START Data excerpt

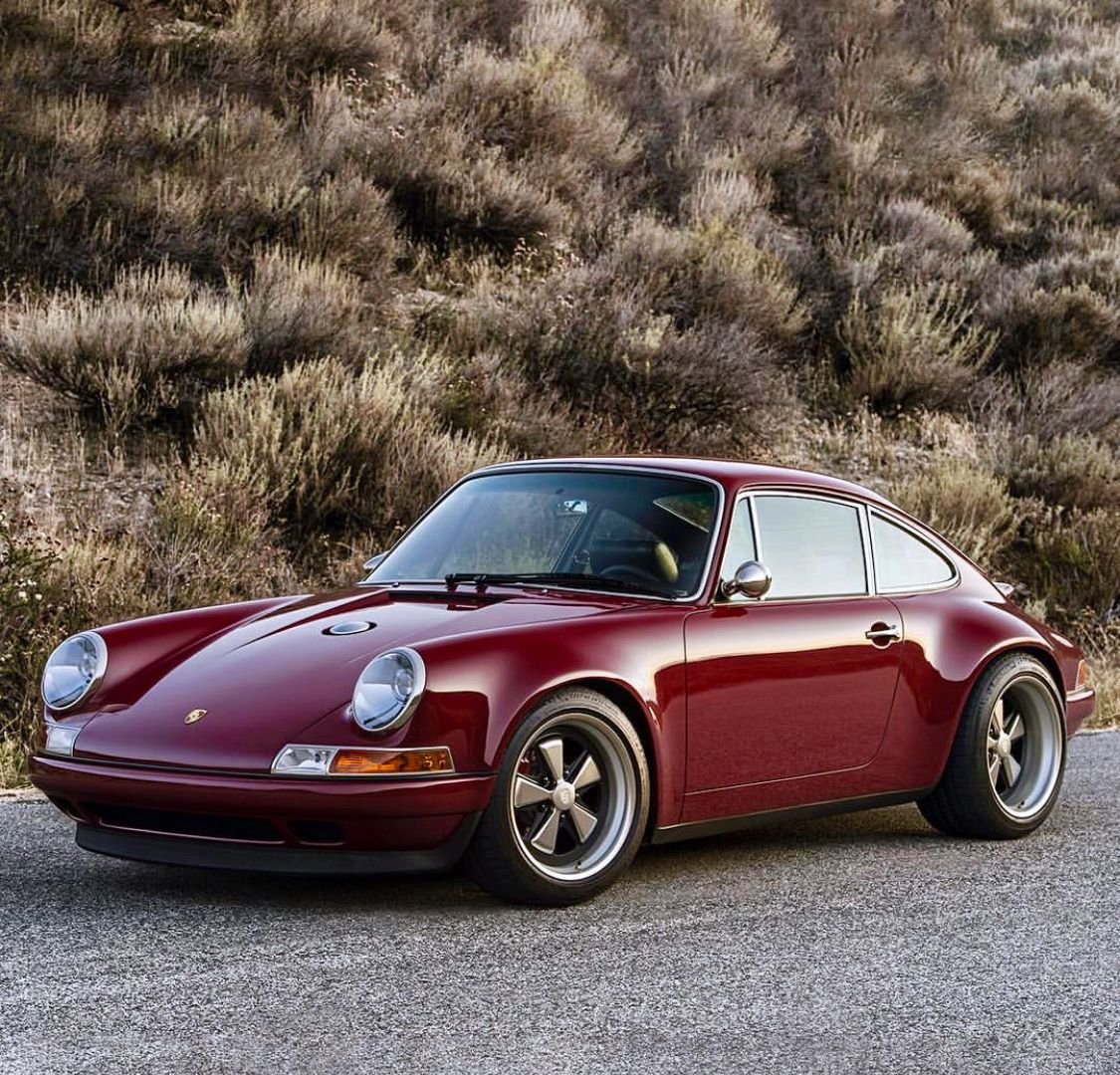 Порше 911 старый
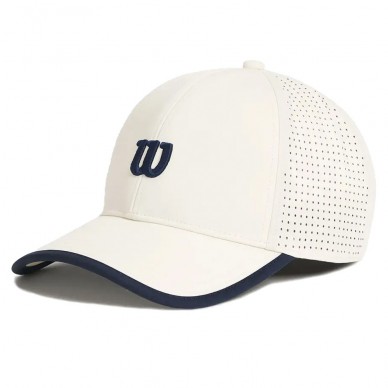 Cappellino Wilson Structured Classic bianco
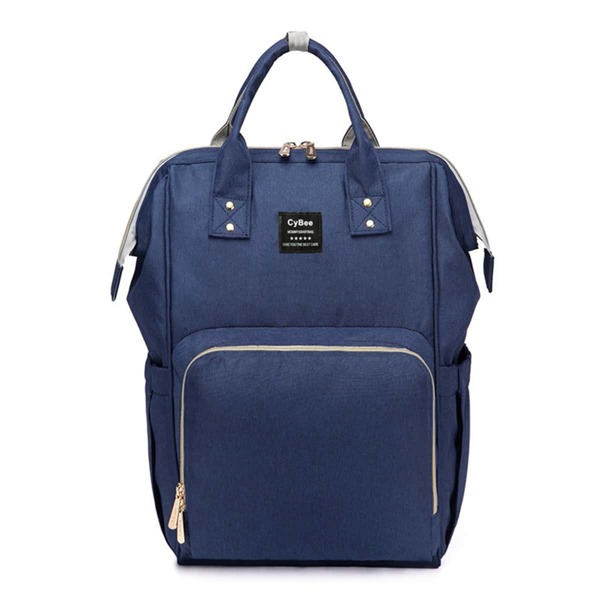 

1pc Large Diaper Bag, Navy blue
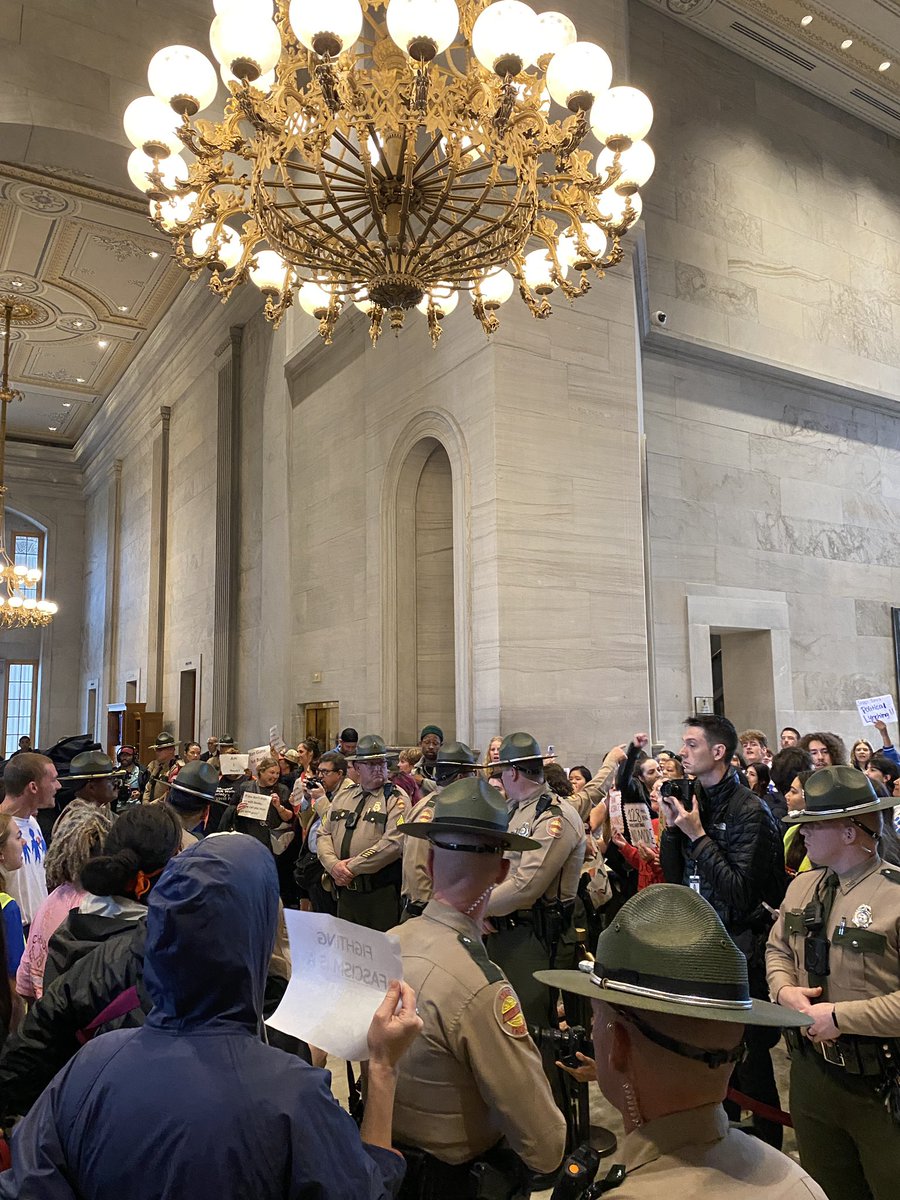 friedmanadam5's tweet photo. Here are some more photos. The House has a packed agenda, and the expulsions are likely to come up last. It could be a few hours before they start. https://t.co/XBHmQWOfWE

END Data excerpt

What is being asked: All lines from the one holding "1pc Large Diaper Bag, Navy blue" to the end of the listing above need to be duplicated exactly. None of the pictures should be included.

Exercise answer:
1pc Large Diaper Bag, Navy blue
 friedmanadam5's tweet photo. Here are some more photos. The House has a packed agenda, and the expulsions are likely to come up last. It could be a few hours before they start. https://t.co/XBHmQWOfWE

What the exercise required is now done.